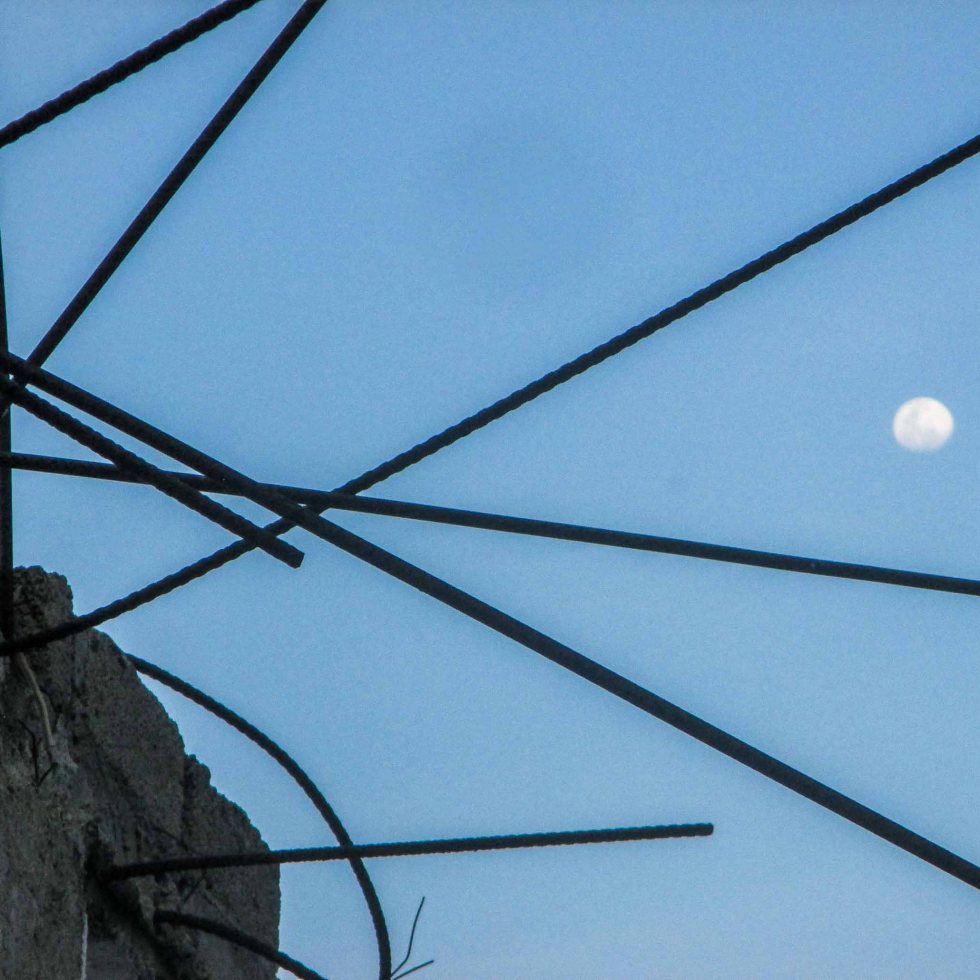 luna rosa creciente_7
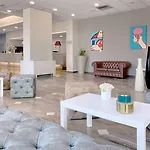 & Contessa Jolanda 4*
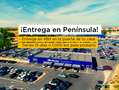 Mercedes-Benz B 250 250e Gris - thumbnail 5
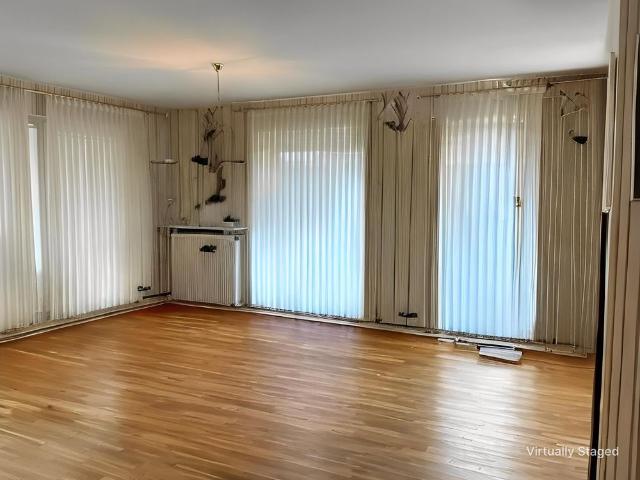 Anholter Straße 16, 46395 Bocholt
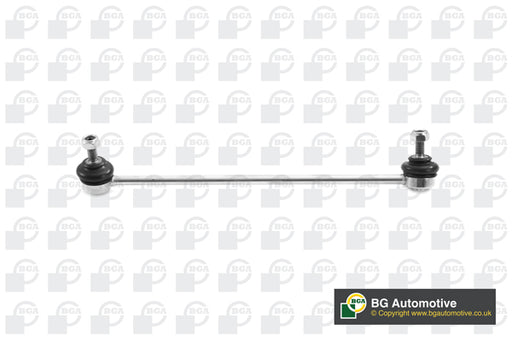 Vauxhall Crossland Tie Rod Strut/ Stabiliser New BGA Part LS6712 9810159380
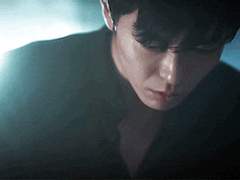 [태구윤]Eclipse_5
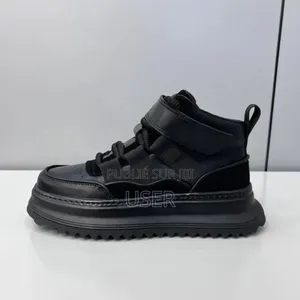 Chaussures Sportswear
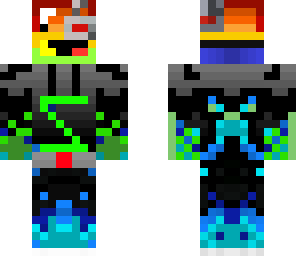 zaxelmodat78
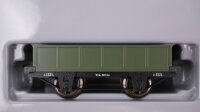 Märklin H0 46573 Württemberger Wagen-Set um 1859 K.W.St.E.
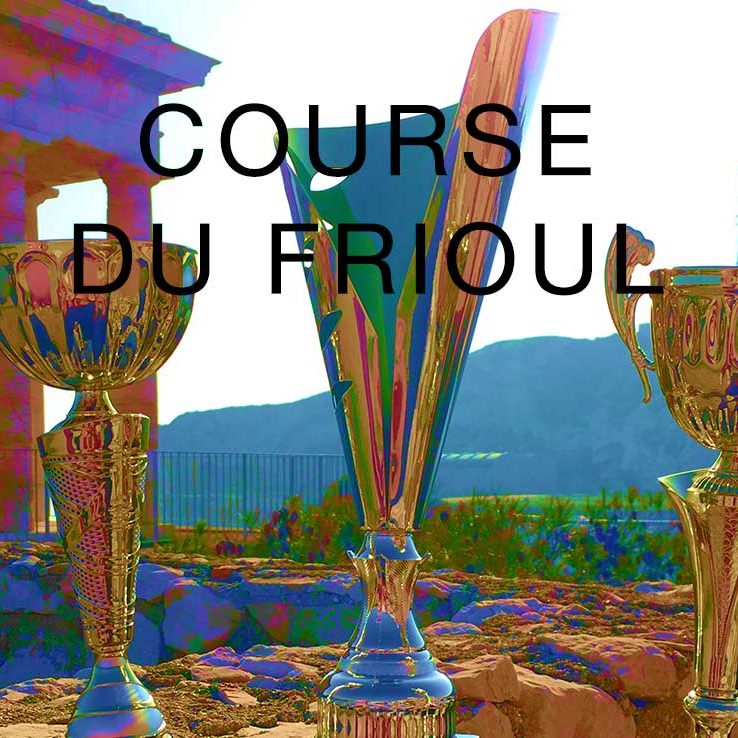 Course-frioul-2023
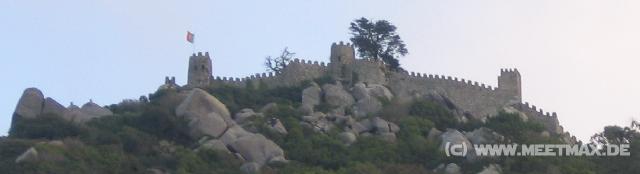 8378a Sintra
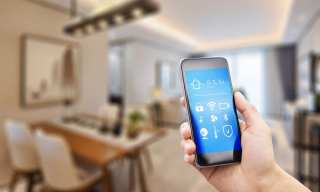 Big Tech’s Zigbee Alliance Eyes 2021 ‘Smart Home’ Standard
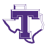 Tarleton State Athletics Hall of Fame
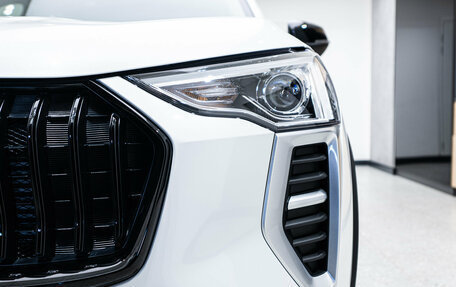 Haval Jolion, 2026 год, 2 079 000 рублей, 24 фотография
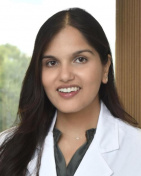 Sajni Patel, MD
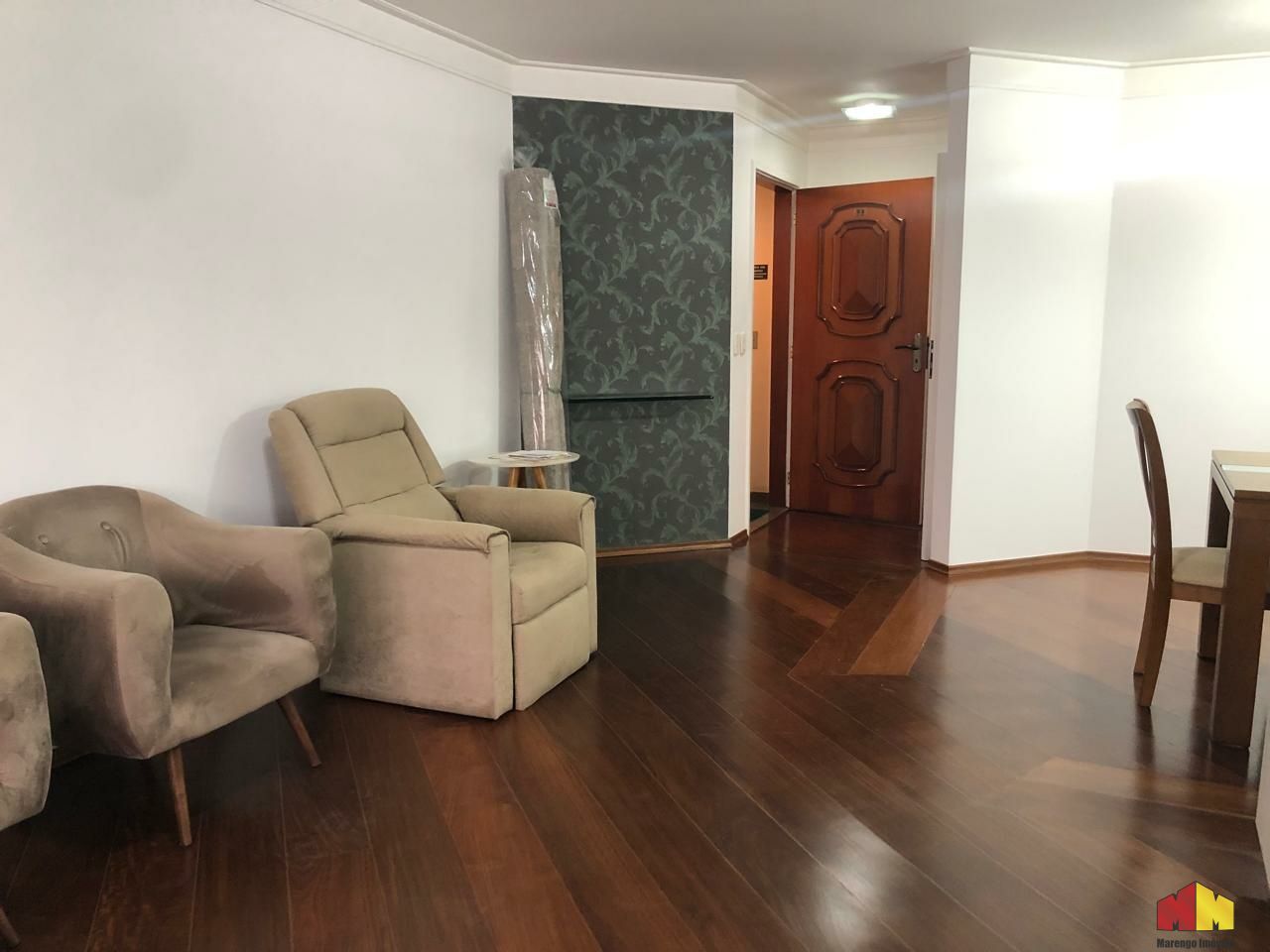 Foto 2 do imóvel MI17501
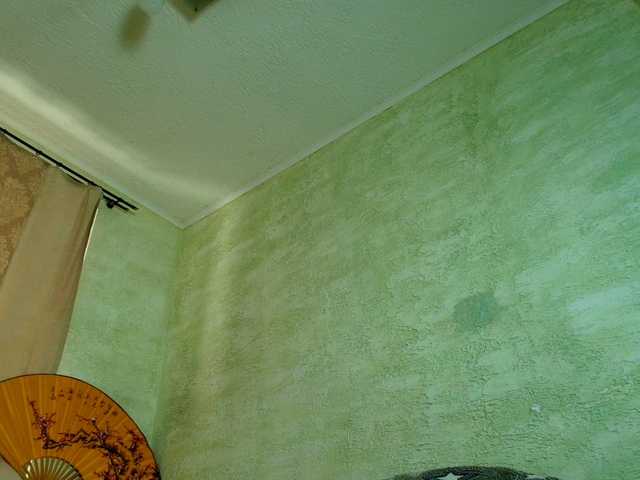 fairylight live cam on BongaCams
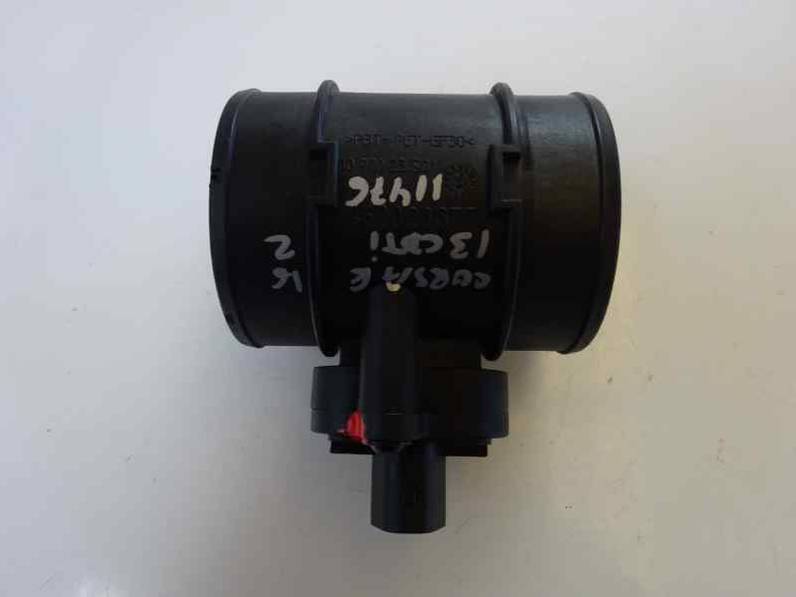 CAUDALIMETRO OPEL CORSA E 2016 1.3 16V CDTI (75 CV)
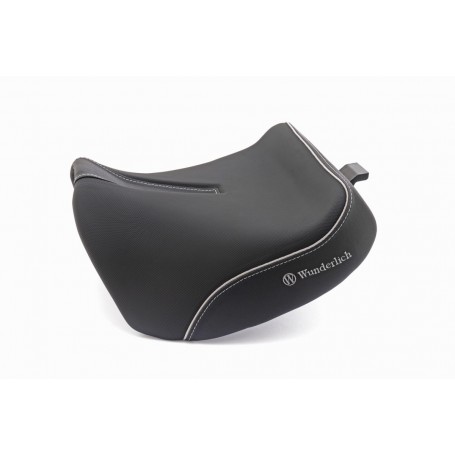 Wunderlich Aktivkomfort Rider Seat Pan America 1250
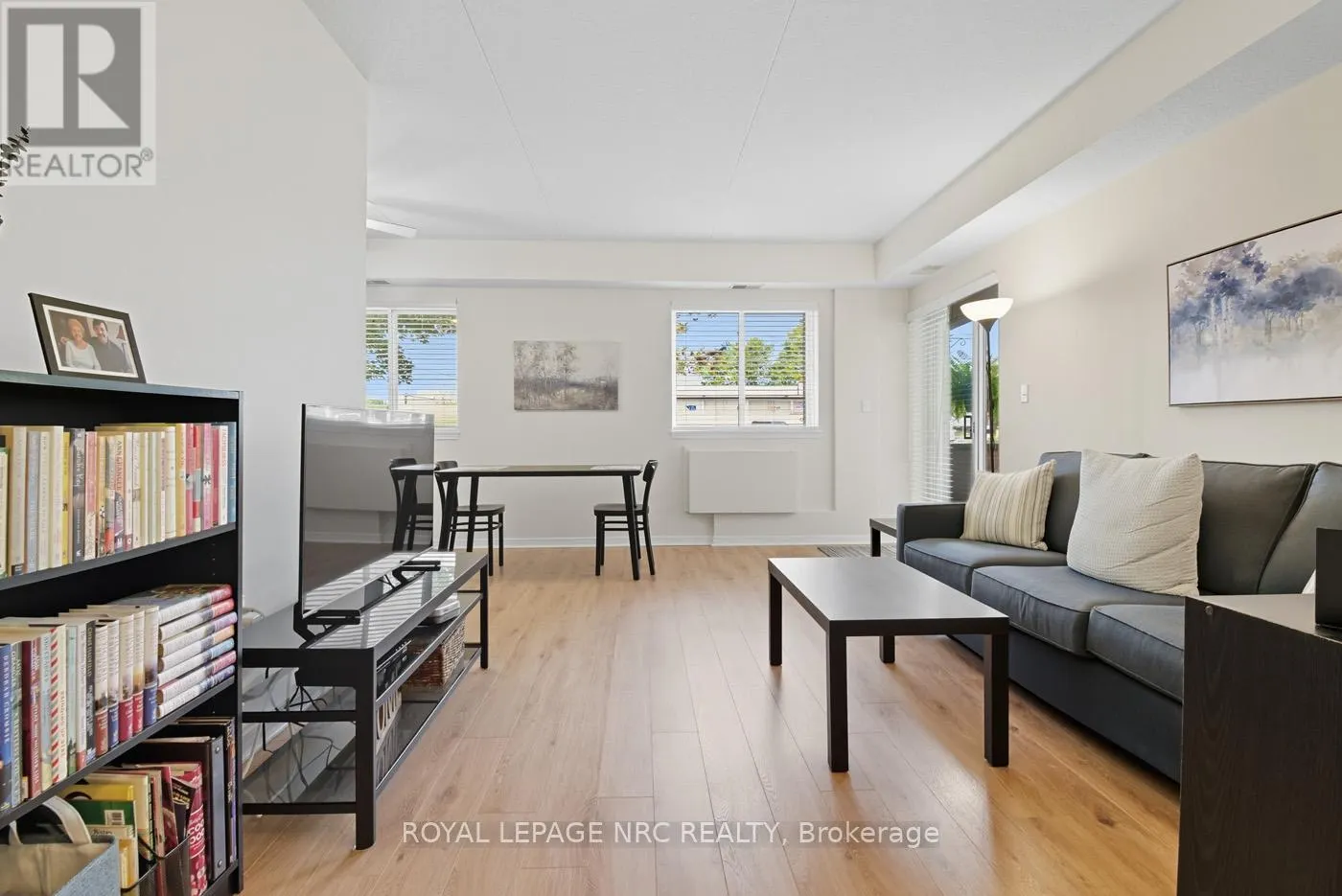 9 - 117 WILLSON ROAD, #9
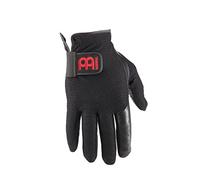 Meinl MDG-M Drummer Gloves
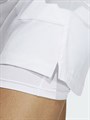 Купить оптом Юбка Adidas GO-TO CMTR SKT WHITE GL6720 Female GL6720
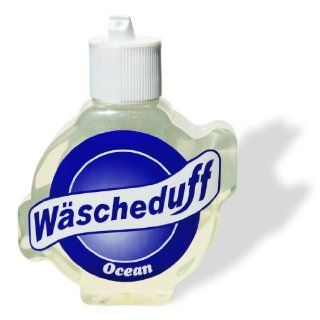 Wäscheduft Ocean 260ml Drogerie & Körperpflege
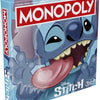 Monopol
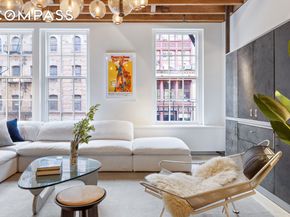 144 Franklin Street 3, New York NY 10013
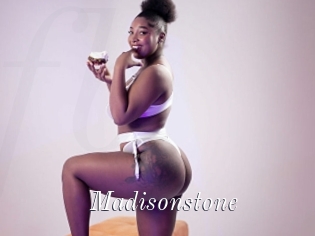 Madisonstone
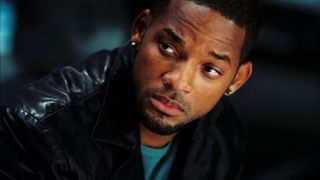 48. Я, робот (2004)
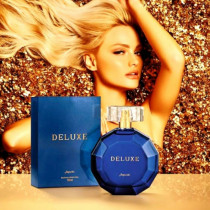 https://dulluxperfumaria.loja.biz/media/tmp/catalog/product/2/0/20220627_195958.jpg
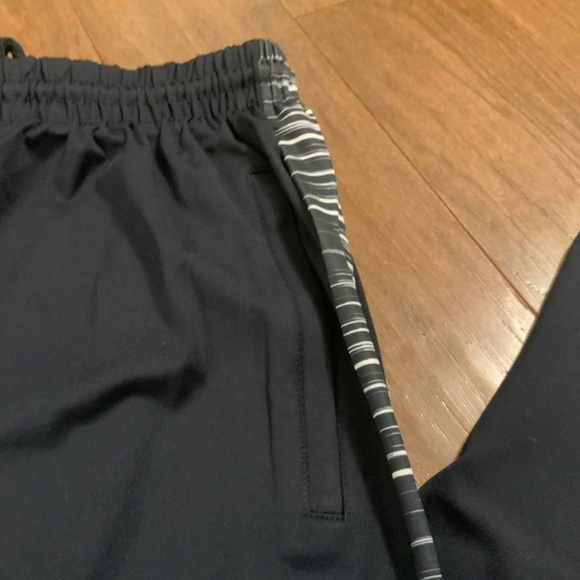 Nike Paris Saint-Germain Strike pants, joggers sweatpants, soccer - Picture 5 of 10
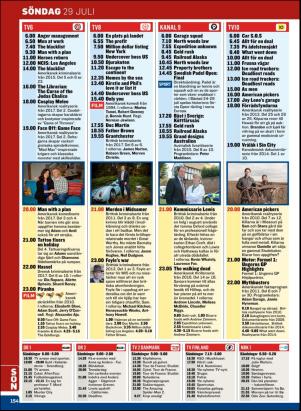 tv14-20180715_000_00_00_154.pdf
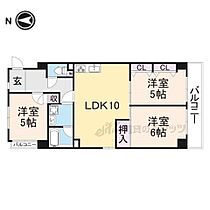 間取り：228054605618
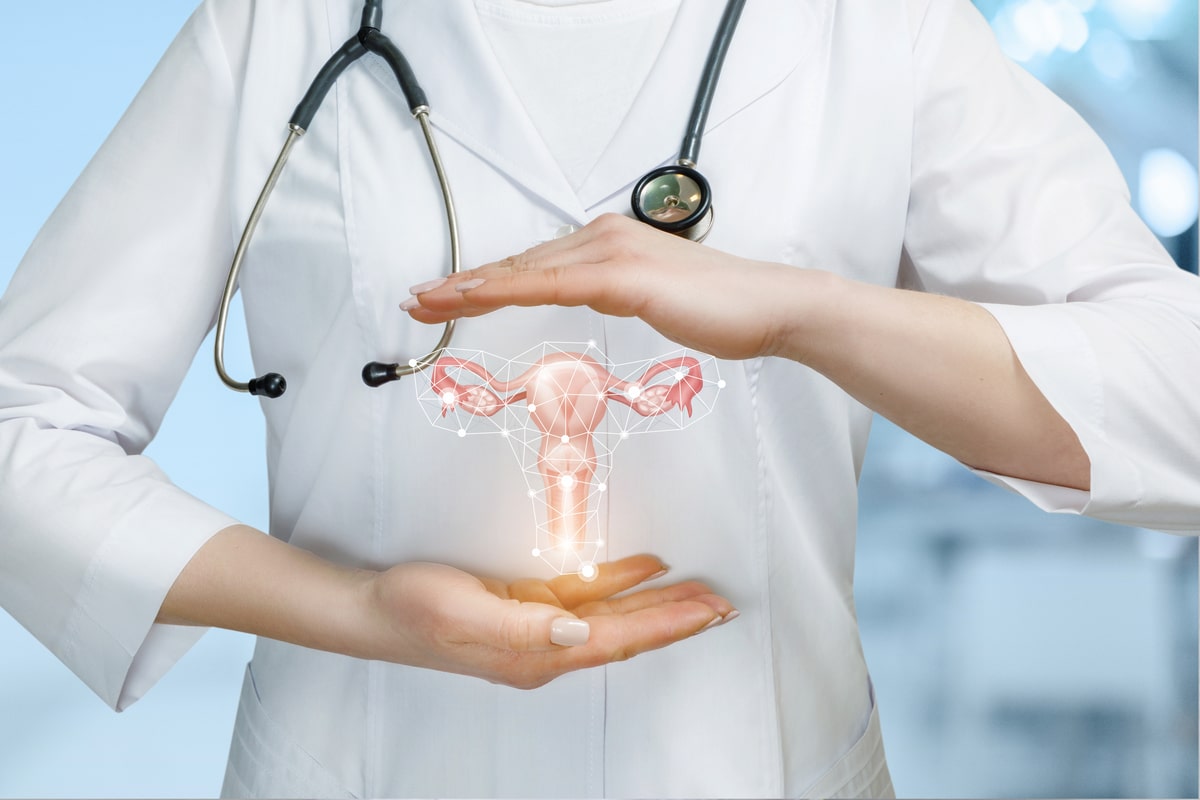 gynecology
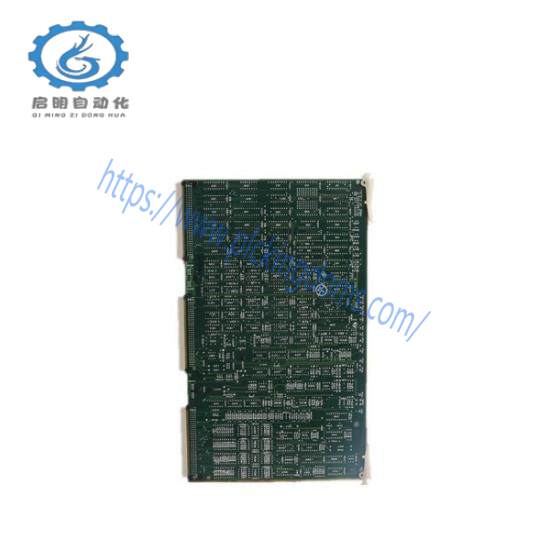 GE T35
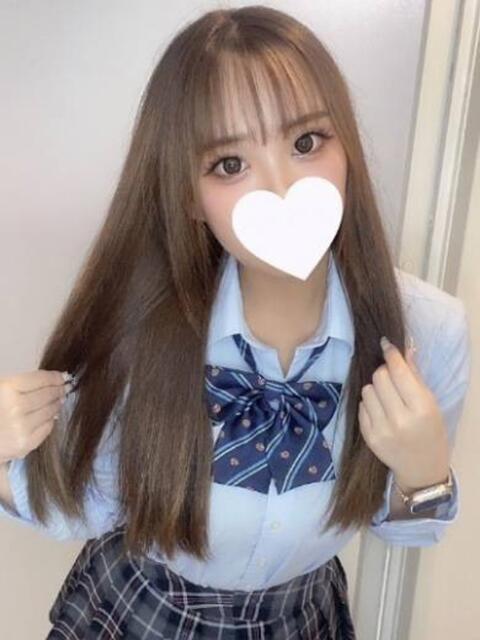 きら ラブコレクション(雄琴)（ソープランド）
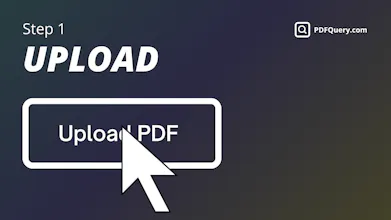 PDF Query gallery image
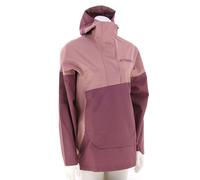 adidas Terrex XP 2.5 Anorak Mujer Chaqueta para exteriores S Rosa subido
────────────────────
▶ **Exercise directions**: Reproduce the data above in full, exactly as it is, with the pictures left out.

▶ **Task response**:
 luna rosa creciente_7
 & Contessa Jolanda 4*
 Mercedes-Benz B 250 250e Gris - thumbnail 5
 Anholter Straße 16, 46395 Bocholt
 Vauxhall Crossland Tie Rod Strut/ Stabiliser New BGA Part LS6712 9810159380
 [태구윤]Eclipse_5
 Chaussures Sportswear
 zaxelmodat78
 Märklin H0 46573 Württemberger Wagen-Set um 1859 K.W.St.E.
 Course-frioul-2023
 8378a Sintra
 Big Tech’s Zigbee Alliance Eyes 2021 ‘Smart Home’ Standard
 Tarleton State Athletics Hall of Fame
 Haval Jolion, 2026 год, 2 079 000 рублей, 24 фотография
 Sajni Patel, MD
 Foto 2 do imóvel MI17501
 fairylight live cam on BongaCams
 CAUDALIMETRO OPEL CORSA E 2016 1.3 16V CDTI (75 CV)
 Wunderlich Aktivkomfort Rider Seat Pan America 1250
 9 - 117 WILLSON ROAD, #9
 Meinl MDG-M Drummer Gloves
 Купить оптом Юбка Adidas GO-TO CMTR SKT WHITE GL6720 Female GL6720
 Wäscheduft Ocean 260ml Drogerie & Körperpflege
 Monopol
 144 Franklin Street 3, New York NY 10013
 Madisonstone
 48. Я, робот (2004)
 https://dulluxperfumaria.loja.biz/media/tmp/catalog/product/2/0/20220627_195958.jpg
 Nike Paris Saint-Germain Strike pants, joggers sweatpants, soccer - Picture 5 of 10
 tv14-20180715_000_00_00_154.pdf
 間取り：228054605618
 gynecology
 GE T35
 きら ラブコレクション(雄琴)（ソープランド）
 PDF Query gallery image
 adidas Terrex XP 2.5 Anorak Mujer Chaqueta para exteriores S Rosa subido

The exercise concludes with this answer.